Segundo o acordo, o Itesp terá 18 meses para fazer o levantamento fundiário e o memorial descritivo do território tradicional. Após a conclusão dessa etapa, o órgão atuará em conjunto com o Executivo estadual para expedir o título de propriedade coletiva aos quilombolas em até um ano, sendo averbadas na matrícula do imóvel as restrições ambientais delimitadas no documento.

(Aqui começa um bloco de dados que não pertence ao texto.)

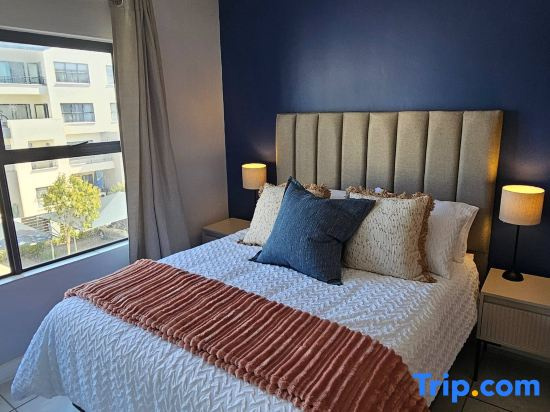 Luxury Apartment in Somerset West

Outro compromisso fixado no acordo é a adoção de medidas pelo governo paulista para recategorizar dois trechos do Parque Estadual da Serra do Mar, os chamados Sertão da Fazenda e Ponta Baixa, áreas onde se concentra a maioria das moradias da comunidade. Para isso, deverá realizar estudos técnicos em até 12 meses e apresentar um projeto de lei para que o local deixe de ser parque (unidade de conservação de proteção integral) e se torne Reserva de Desenvolvimento Sustentável.

A recategorização do território não só viabilizará o modo de vida tradicional da comunidade, mas também permitirá o estabelecimento de até 608 residências no Sertão da Fazenda e na Ponta Baixa. No total, a área destinada a moradias passará dos atuais 133 mil para 353,7 mil metros quadrados. O acordo descreve uma série de critérios para a construção de novas habitações, como a destinação dos imóveis apenas a integrantes do próprio Quilombo da Fazenda, afastando-se o risco de ocupação por pessoas estranhas à comunidade.

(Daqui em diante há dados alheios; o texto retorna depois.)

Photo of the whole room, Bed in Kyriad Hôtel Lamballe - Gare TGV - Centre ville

O documento assinado nesta segunda prevê também a exclusividade da Associação dos Remanescentes Quilombolas na gestão do turismo de base comunitária no local e fixa as atribuições tanto da entidade quanto da Fundação Florestal do Estado de São Paulo para o desenvolvimento do manejo sustentável do território. O acordo estabelece ainda o compromisso do governo paulista de identificar eventuais ocupantes não quilombolas e removê-los da área a ser titularizada.

Quando cumprido, o pacto encerrará a disputa judicial sobre o assunto. A titulação do território quilombola em Ubatuba é objeto de uma ação civil pública contra o Estado de São Paulo, a Fundação Florestal e o Itesp, ajuizada em 2018. O acordo ocorreu por meio de mediação realizada pelo Tribunal Regional Federal da 3ª Região, após as partes recorrerem de uma sentença da Justiça Federal que julgou parcialmente procedentes os pedidos em primeira instância.

Esta não é a primeira vez que o Quilombo da Fazenda obtém o reconhecimento de seu direito territorial com o apoio do MPF. Em setembro, a comunidade recebeu o Termo de Autorização de Uso Sustentável (Taus) Coletivo referente a uma área de 8,2 mil metros quadrados pertencente à União na Praia da Fazenda.